Across the entries below, tally every line that holds the string "Home" and reply with the number only.

DATA TO EXAMINE →
○ ○ ○
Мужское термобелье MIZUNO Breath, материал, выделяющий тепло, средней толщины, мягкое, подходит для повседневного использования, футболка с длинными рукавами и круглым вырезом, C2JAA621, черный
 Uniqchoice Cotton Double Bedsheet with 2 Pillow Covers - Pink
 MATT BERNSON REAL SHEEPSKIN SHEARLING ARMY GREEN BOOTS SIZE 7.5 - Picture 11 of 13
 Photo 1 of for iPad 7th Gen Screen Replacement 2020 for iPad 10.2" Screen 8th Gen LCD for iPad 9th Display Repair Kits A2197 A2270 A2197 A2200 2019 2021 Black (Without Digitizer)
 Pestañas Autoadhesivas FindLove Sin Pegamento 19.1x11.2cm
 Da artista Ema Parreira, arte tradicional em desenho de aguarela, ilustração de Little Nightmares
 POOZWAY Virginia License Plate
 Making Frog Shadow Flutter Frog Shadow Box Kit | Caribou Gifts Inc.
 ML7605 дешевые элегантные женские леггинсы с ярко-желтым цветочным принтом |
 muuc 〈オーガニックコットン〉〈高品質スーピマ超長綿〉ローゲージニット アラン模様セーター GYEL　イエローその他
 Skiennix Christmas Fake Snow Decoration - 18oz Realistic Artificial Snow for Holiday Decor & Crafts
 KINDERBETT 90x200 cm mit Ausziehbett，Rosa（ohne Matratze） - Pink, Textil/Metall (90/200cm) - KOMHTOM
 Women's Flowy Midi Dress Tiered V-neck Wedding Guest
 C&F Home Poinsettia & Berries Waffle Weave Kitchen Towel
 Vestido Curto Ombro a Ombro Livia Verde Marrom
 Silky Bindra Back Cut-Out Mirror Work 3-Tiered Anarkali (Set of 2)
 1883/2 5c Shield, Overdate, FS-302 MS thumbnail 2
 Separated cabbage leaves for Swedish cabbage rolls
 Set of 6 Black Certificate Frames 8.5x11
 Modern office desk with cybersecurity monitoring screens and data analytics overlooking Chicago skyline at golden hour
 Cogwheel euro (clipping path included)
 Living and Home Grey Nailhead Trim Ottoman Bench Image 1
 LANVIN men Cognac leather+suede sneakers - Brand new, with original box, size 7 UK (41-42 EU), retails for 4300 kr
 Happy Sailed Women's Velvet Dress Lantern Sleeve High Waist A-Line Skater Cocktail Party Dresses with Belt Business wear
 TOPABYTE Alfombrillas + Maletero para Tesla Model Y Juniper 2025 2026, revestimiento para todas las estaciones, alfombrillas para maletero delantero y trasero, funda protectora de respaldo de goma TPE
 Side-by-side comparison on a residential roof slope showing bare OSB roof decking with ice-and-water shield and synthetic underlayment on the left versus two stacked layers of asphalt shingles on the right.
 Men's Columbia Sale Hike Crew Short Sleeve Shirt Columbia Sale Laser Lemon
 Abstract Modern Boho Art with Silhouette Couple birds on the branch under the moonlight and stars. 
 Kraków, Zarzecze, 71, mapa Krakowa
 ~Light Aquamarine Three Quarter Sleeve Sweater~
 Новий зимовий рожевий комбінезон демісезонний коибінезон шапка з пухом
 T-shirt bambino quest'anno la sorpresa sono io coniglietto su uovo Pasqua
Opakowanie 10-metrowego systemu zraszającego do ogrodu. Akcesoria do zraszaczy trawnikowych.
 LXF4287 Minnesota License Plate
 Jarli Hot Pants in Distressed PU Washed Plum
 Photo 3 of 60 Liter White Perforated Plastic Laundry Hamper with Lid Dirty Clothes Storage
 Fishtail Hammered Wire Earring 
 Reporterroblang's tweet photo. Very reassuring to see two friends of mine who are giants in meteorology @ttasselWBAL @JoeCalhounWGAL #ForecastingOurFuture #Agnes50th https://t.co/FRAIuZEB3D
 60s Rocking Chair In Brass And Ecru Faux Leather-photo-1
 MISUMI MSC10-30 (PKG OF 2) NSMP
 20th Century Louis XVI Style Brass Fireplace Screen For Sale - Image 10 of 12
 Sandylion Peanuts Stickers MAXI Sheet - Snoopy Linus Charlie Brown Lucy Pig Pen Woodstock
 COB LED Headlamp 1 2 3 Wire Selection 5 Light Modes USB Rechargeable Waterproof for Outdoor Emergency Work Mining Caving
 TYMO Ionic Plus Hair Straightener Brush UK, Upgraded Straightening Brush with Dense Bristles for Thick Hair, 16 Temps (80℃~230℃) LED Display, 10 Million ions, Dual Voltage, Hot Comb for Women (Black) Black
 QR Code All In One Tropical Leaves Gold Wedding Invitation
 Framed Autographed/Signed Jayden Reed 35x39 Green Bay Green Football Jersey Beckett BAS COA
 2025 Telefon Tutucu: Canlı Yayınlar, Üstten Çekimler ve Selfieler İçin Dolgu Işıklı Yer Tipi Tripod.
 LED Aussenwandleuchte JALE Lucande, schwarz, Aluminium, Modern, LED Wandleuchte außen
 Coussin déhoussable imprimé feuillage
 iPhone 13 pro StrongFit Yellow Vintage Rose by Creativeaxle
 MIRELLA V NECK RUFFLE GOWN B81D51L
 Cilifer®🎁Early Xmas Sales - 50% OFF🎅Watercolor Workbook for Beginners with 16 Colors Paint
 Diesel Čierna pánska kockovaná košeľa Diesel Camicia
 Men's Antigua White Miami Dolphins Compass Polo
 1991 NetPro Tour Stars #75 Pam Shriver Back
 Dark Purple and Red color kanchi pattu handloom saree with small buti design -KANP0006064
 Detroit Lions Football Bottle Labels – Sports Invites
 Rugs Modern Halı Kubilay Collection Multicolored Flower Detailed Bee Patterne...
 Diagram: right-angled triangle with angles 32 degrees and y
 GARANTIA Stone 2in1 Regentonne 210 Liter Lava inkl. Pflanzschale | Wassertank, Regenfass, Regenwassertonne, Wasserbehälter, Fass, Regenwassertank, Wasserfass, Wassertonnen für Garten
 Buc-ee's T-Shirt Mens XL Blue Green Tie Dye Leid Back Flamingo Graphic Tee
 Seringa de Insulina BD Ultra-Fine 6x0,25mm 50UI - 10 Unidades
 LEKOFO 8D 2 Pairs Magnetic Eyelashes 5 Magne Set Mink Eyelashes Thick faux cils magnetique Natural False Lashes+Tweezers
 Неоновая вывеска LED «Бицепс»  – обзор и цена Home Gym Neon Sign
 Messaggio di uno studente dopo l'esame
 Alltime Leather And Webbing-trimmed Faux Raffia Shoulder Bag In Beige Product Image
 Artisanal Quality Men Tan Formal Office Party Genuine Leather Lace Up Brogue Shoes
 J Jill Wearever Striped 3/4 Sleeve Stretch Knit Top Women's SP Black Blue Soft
○ ○ ○
OUTPUT OF THE TASK → 3